The participants were 2,037 employees of a factory in Japan. We measured consumption of SSB and diet soda using a self-administered diet history questionnaire. The incidence of diabetes was determined in annual medical examinations over a 7-year period. Hazard ratios (HRs) with 95 % confidence intervals (CIs) for diabetes were estimated after adjusting for age, body mass index, family history, and dietary and other lifestyle factors.
During the study, 170 participants developed diabetes. The crude incidence rates (/1,000 person-years) across participants who were rare/never SSB consumers, <1 serving/week, ≥1 serving/week and <1 serving/day, and ≥1 serving/day were 15.5, 12.7, 14.9, and 17.4, respectively.
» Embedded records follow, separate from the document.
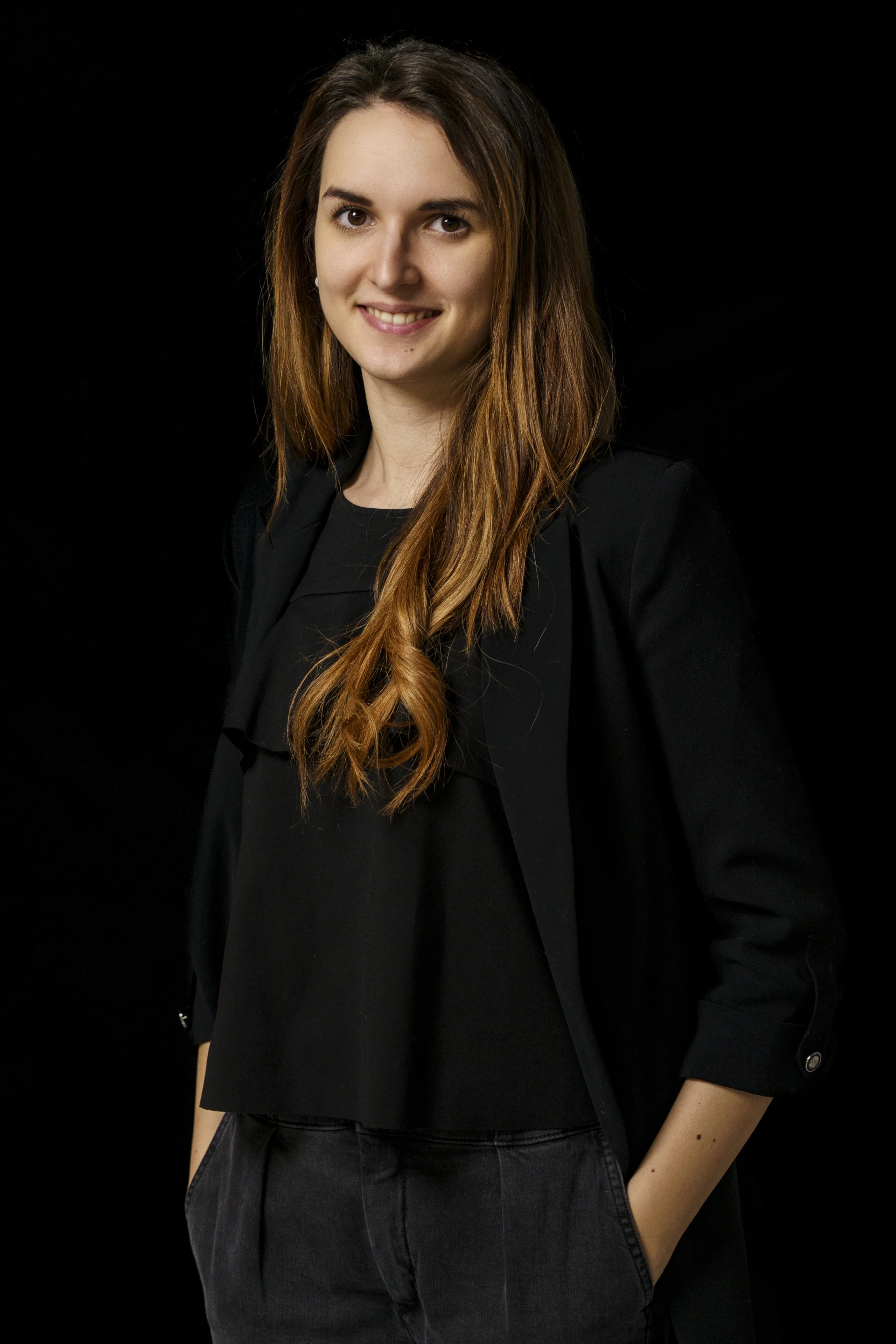 jfl-foto-agenti-nuove-42.webp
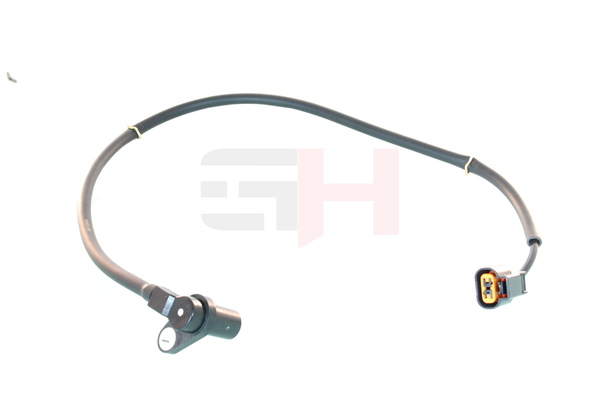 ABS føler GH GH-713041H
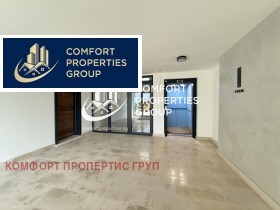 ����� ������� 2-�����,���� �����, ����� 5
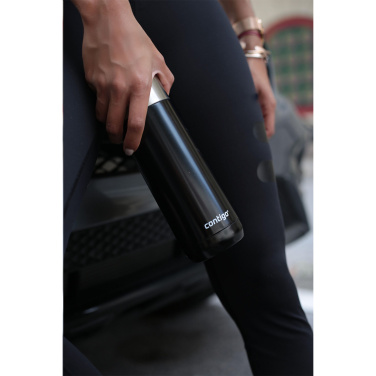 Logo trade meene pilt: Contigo® Luxe AUTOSEAL® 360 ml termotass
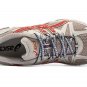 ASICS Gel-Kahana 8 Light Brown Red 1011B109-200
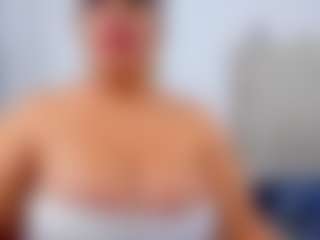 luluferrerr's Live Sex Cam Show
The multivariate-adjusted HR compared to rare/never SSB consumers was 1.35 (95 % CI 0.80–2.27) for participants who consumed ≥1 serving/day SSB. Diet soda consumption was significantly associated with the incident risk of diabetes (P for trend = 0.013), and multivariate-adjusted HRs compared to rare/never diet soda consumers were 1.05 (0.62–1.78) and 1.70 (1.13–2.55), respectively, for participants who consumed <1 serving/week and ≥1 serving/week.
Consumption of diet soda was significantly associated with an increased risk for diabetes in Japanese men. Diet soda is not always effective at preventing type 2 diabetes even though it is a zero-calorie drink.